Some of the writers here at The Film Magazine are publishing thoughtful pieces about romance in cinema this Valentine’s Day — deep dives and serious analysis. Usually I’d follow that route, but this time I’m taking a different tack. Sorry.
For many people, movies are a lifelong passion. Most people enjoy films, but few truly love the medium. I used to be one of those who merely liked movies: the kind of person who would watch a film and move on, not stay up late following the Oscars or digging through bargain-basement classics. I intended to study literature, not film. Everything shifted in 2011 when I saw a YouTube trailer advertising an upcoming release. That film was Scream 4, and one look at Ghostface’s mask changed everything for me.
I watched the trailer and was hooked. I knew almost nothing about horror or film history, but I decided I had to see it. At 13, the thought of sneaking into a 15-rated film didn’t deter me — I was determined. But first I figured I should watch the earlier movies to understand what was going on.
Seeing the original Scream was revelatory. It didn’t just tell a story; it deconstructed the tropes I already recognized and showed the mechanics behind them. Other filmmakers had played with self-referential horror before — Wes Craven himself experimented with meta elements in New Nightmare — but as a novice I felt like I’d stepped through the school gates into a vast building of rooms and corridors, each room a new genre or idea to explore. For a long time the original Scream was my favourite film.
I obsessed over the characters and the rules of the genre. I learned Randy’s rules for surviving a horror movie and tried, rather earnestly, to teach my classmates the logic of meta-horror. I doodled Ghostface on every spare square of my maths book and even teamed up with a friend in class under the morbid nicknames Billy and Stu — an odd tribute considering the film’s finale, but that’s the kind of intoxication it inspired.
From there my film-watching widened rapidly. I devoured horror classics from The Shining to Dracula, following every reference and rabbit hole the films suggested. My parents were concerned at first, but as long as my grades held up they accepted my increasingly eccentric cinematic habit. I traced the threads of influence through directors and films, like a dog following a trail of biscuits deeper into the world of cinema.
Gradually I branched out beyond horror into science fiction, crime, fantasy and westerns. Superhero films remained a late arrival for me — entertaining but never a deep love. What truly changed my relationship with movies, however, was discovering film analysis online. I remember watching videos about The Shining — perhaps Rob Ager’s — and realizing movies could be layered, psychologically precise, and deliberately crafted to evoke subtle emotions. That was the turning point where films ceased to be mere popcorn entertainment and became serious art worthy of study, critique, and sustained appreciation.
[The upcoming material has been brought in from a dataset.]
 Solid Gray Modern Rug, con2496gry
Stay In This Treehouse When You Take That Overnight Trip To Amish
That realization shaped my academic path. I took Media Studies at A-Level and studied Film and Television in my BA. Over the years I attended events like the Abertoir Horror Festival, took part in screenings and workshops at Pinewood, and spent two years as President of Aberystwyth University’s British Film & Television Society. In my final year the university brought in industry professionals, including producer Huw Penallt Jones, who helped me secure the final short film I wanted to make. I’ve had the chance to meet filmmakers such as Gareth Evans (The Raid) and Sean Cunningham (Friday the 13th), and to sit in on discussions with editors and sound designers like Walter Murch (Apocalypse Now, The Godfather trilogy), experiences that deepened my understanding of film craft.
Film hasn’t just shaped my interests — it directed the path of my life and led me to where I am today, writing about cinema.
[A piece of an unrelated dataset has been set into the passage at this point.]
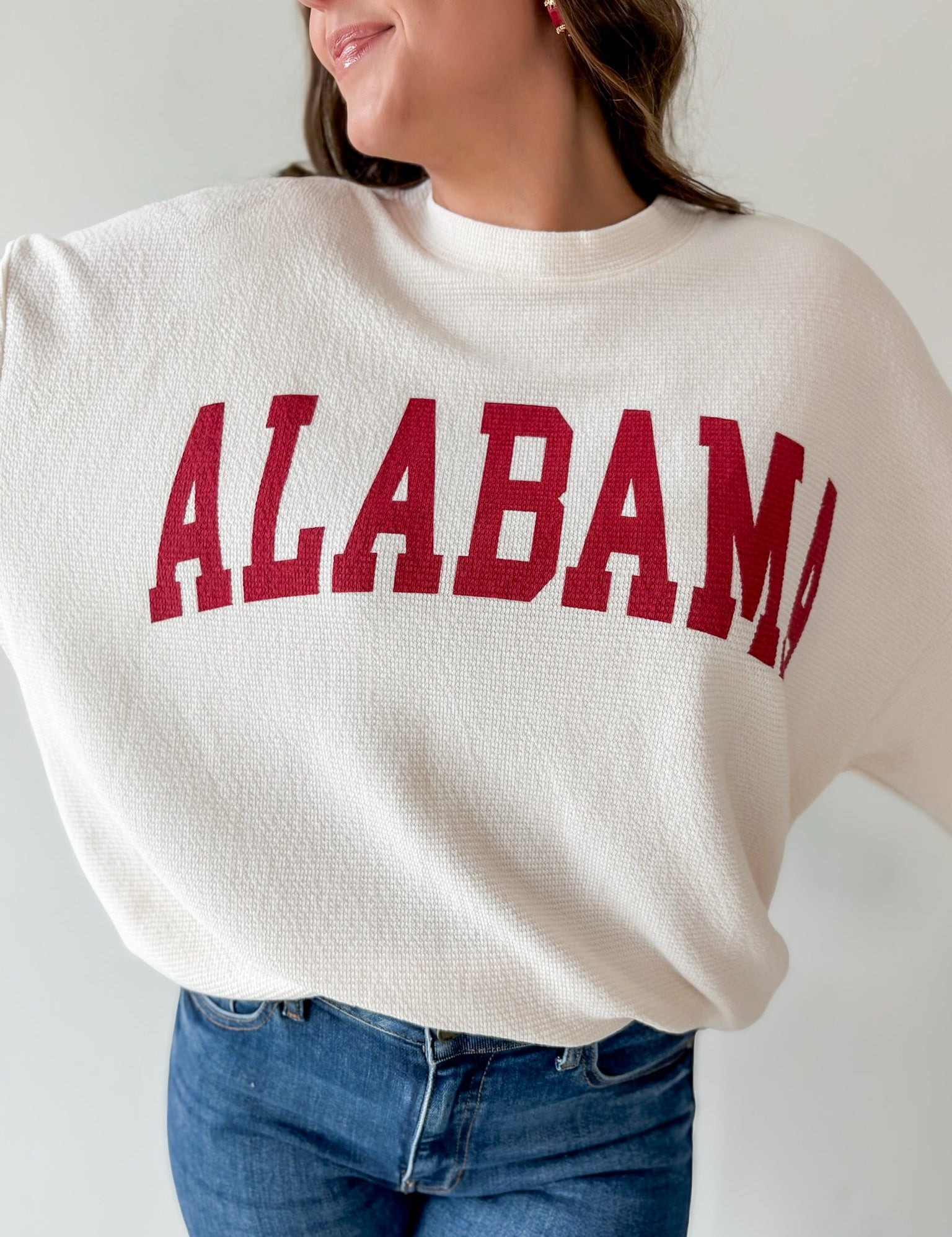 Alabama Cloudy Knit Top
Even now, every so often I pull my old DVD of Scream from the shelf and watch it with fresh appreciation. It’s not my single favourite film anymore — that crown currently belongs to Blade Runner — but Scream will always hold a special place in my heart. That movie set me on a course that lasted years and changed how I look at storytelling. Some films stay with you forever; for me, Wes Craven’s 1996 Scream will always be sacred in that small, personal way.